- _What this task involves_
Count the lines that contain the string "looking" in the records beneath, and respond with the number only.

- _Information supplied_
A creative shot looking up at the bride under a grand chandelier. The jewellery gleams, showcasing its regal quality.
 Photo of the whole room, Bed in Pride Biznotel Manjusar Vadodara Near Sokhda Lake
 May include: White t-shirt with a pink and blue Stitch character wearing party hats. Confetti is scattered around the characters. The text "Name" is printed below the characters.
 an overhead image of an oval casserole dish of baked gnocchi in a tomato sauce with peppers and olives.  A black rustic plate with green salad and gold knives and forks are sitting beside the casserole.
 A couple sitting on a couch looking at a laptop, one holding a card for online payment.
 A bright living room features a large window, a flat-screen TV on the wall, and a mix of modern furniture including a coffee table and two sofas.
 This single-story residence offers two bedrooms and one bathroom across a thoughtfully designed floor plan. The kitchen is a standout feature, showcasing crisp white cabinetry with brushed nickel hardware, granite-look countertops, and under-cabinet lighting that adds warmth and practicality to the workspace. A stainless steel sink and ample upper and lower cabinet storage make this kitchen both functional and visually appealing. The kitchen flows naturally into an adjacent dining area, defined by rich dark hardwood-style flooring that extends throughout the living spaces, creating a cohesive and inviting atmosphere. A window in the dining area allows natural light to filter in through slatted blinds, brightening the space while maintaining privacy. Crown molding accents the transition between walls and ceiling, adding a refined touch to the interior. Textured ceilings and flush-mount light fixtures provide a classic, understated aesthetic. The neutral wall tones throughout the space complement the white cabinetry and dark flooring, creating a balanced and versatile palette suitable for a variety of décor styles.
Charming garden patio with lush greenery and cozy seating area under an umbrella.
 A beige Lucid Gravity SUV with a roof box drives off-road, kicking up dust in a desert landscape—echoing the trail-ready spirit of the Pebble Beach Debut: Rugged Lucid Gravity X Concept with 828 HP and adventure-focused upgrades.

- _Expected output_
2